Now the user turns off the machine, possibly in the middle of a running update.

yum-cron should check for a running yum and if one is running block the stop
action until yum is finished. The easiest solution for this would be to write
the yum-cron daily script PID in a file and check for this file and PID in the
yum-cron init stop action. If the file exists and the PID is the yum-cron daily
cron script then it will wait and recheck every few seconds.
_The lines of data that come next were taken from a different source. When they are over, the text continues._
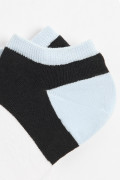 Medias tobilleras con diseño en jacquard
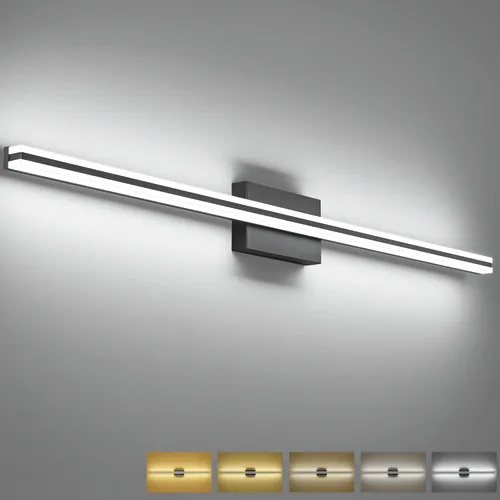 Miniatura 19 de SOLFART Luces de tocador de baño sobre espejo 14W 60 cm Luz de baño moderna negra 6000K ND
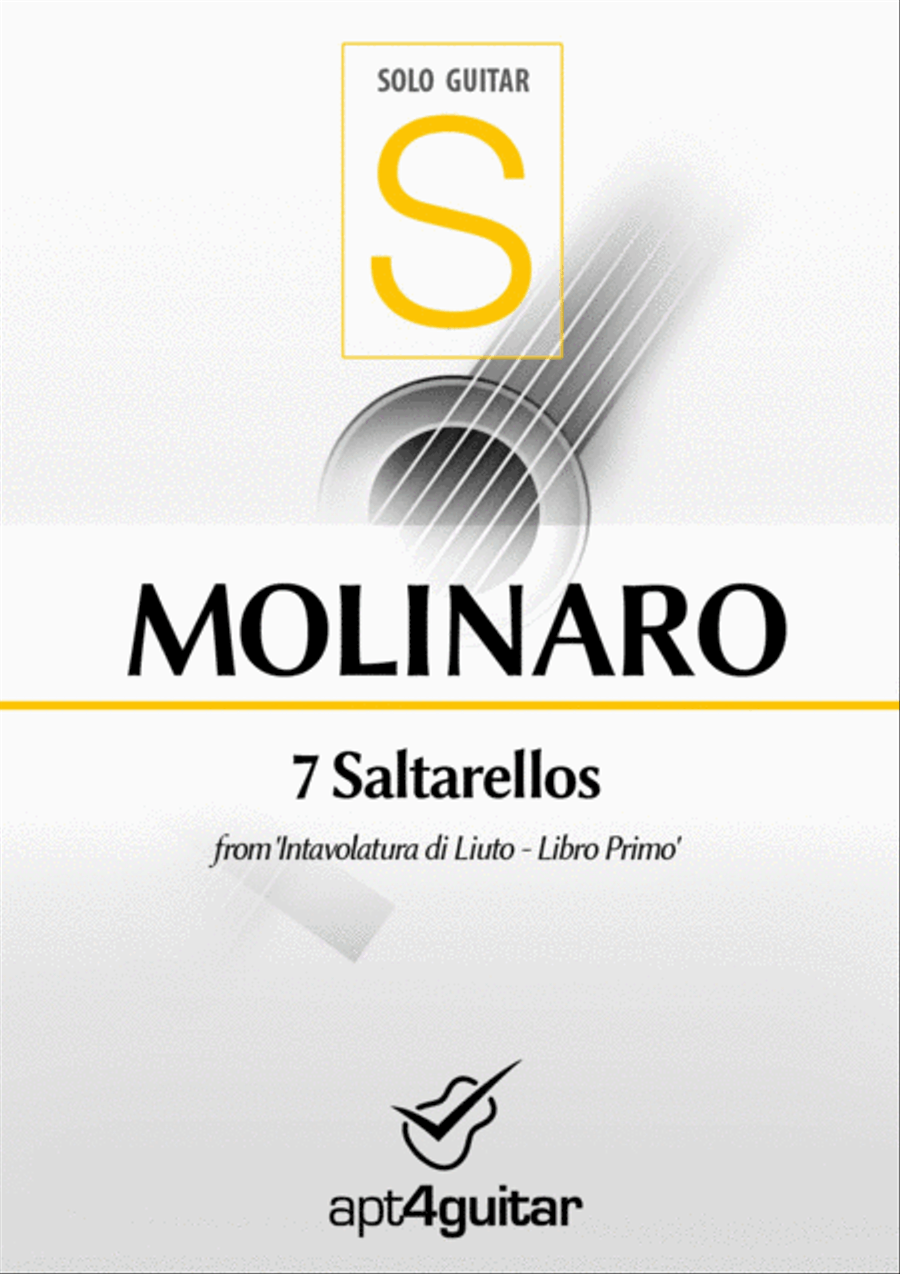 7 Saltarellos 7 Saltarellos Classical Guitar scores gallery preview page 1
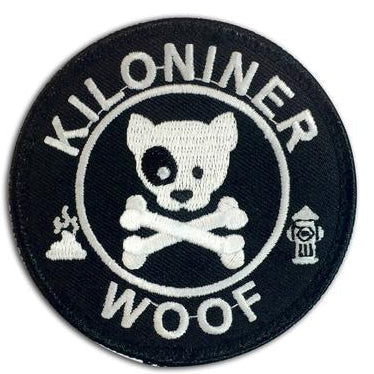 DOG & CROSSBONES Morale Patch - kiloninerpets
An informative note
should be printed to the shutdown screen and additionally there should be a trap
that allows cancelling the stop (if it was run on the console).

Comment 1 Habig, Alec 2008-02-14 17:51:40 UTC
Would be easy enough to code, but here are some big problems:

1) yum has a pid lock even during its (large) random wait before doing the
actual work.  The random wait is so that every machine around the world running
yum-cron around the world doesn't assault the mirrors simultaneously, so is an
important feature we wouldn't want to disable, but waiting hours for a shutdown
is Bad.  One could override it on console, but remotely one could get really
trapped (shutdown also disables logins).

2) Messing with the shutdown scripts is outside the scope of this package. 
That's a core Fedora package, and changes there would have to be made by that
package's owners.  And very carefully thought about to deal with unintended
consequences.  But perhaps there is already a list of Things to Not Shut Down
During  that could be looked at?

The upside would be a way to eliminate instances of rebooting with partial
upgrades in progress, lots of loose files around, perhaps a corrupted rpm
database.  But, in practice I've not seen such problems in many years (and have
clobbered machines in the midst of updates).  I suspect that yum and rpm are now
doing some cleanup when given a SIGTERM by the shutdown script, so that they're
not left in an un-recoverable state.

Since I can't make such a change as part of this package, I'll mark this bug as
CANTFIX.  There are two places it might be addressed, though.  The "sysvinit"
package owns the shutdown scripts.  And some combination of yum and rpm could
address how they handle being sent a SIGTERM by the shutdown scripts.